Java CPU Usage Profiling

Recently I was working on a Java application that was pegging my CPU. Since this application was multi-threaded, I started looking for simple ways to determine which part of the application was the culprit. Since JConsole and VisualVM come bundled with Java 6 SDK I started looking at what they had to offer.

First we'll look at JConsole. Out of the box, JConsole provides a Threads tab that allows you to view what threads are running and generate a stack trace for a thread. It's essentially thread dumps with a GUI. It's not so useful for determining which threads are most active.

After a little more digging and I found a JConsole plugin called topthreads which is an enhanced version of the JTop plugin that ships with the JDK. For an overview of running topthreads, go here. You'll need to download the jar mentioned toward the bottom of the article and then fire up JConsole with the plugin:
jconsole -pluginpath /path/to/topthreads.jar 

The top threads plugin gives a much better view of the threads that are consuming the most CPU time:

Once you find a suspicious thread, you can switch back to the Threads tab in JConsole and get a stack trace of the thread. To really see what the thread is doing you'll likely need to take multiple snapshots of the thread and see what progress, if any, the thread is making.

Topthreads may help you find a rogue thread in a multithread application but it is not much help if you have a single threaded application that is performing poorly.
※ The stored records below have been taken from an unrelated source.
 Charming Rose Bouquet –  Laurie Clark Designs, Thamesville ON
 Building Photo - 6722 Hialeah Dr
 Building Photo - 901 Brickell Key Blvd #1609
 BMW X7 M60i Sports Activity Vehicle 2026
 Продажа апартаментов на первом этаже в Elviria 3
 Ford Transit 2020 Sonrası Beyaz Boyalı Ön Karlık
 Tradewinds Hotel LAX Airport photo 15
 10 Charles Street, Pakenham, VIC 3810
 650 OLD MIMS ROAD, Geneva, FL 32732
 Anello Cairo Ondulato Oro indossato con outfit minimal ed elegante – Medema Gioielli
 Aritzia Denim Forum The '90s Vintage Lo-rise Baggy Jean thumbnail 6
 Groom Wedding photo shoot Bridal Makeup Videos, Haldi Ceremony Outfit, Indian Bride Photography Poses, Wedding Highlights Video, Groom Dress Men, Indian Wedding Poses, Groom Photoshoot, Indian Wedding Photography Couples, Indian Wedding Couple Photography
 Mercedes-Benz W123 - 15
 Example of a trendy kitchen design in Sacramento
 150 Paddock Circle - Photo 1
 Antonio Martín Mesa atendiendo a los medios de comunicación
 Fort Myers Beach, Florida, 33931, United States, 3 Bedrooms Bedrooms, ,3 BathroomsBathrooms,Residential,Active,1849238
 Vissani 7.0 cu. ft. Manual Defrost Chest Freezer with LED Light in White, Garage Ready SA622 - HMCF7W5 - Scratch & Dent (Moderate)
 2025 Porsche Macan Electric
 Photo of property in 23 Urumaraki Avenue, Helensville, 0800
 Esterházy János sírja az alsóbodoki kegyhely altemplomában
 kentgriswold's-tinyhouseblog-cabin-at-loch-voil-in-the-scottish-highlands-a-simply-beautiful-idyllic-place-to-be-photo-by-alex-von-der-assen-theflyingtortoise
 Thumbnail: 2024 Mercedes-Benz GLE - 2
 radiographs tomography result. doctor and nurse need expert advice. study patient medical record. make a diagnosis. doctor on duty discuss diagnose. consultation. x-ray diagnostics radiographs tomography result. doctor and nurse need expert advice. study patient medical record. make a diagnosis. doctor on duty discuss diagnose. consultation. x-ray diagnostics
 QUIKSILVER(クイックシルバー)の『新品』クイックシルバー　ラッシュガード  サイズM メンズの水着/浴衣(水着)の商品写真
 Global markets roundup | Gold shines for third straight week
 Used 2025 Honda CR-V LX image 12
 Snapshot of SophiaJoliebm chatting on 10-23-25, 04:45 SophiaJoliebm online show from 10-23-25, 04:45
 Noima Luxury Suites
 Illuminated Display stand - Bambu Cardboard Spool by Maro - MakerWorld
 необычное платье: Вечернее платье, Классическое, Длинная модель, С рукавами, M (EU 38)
Or perhaps you have a multithread application where several similar threads are taking up a large amount of cpu.

In my own debugging, I found that it wasn't the threads I cared about so much as the methods. Ultimately, you want to know which methods are taking up the most processing time. Enter VisualVM.

VisualVM contains a pretty impressive profiling tool that's easy to use. To get started with profiling with VisualVM, go here.

The profiler in VisualVM gives a nice view of top methods which can be sorted by time and invocations:

One downside to VisualVM's profiling is that it tanks the CPU when you first start profiling. The application your profiling will be limping for about 10 seconds while VisualVM digs in its profiling. It also adds a small bit of drag after profiling begins. By contrast, topthreads didn't add any noticable drag or hit on startup. Despite the performance penalty, I found VisualVM much better for profiling application performance.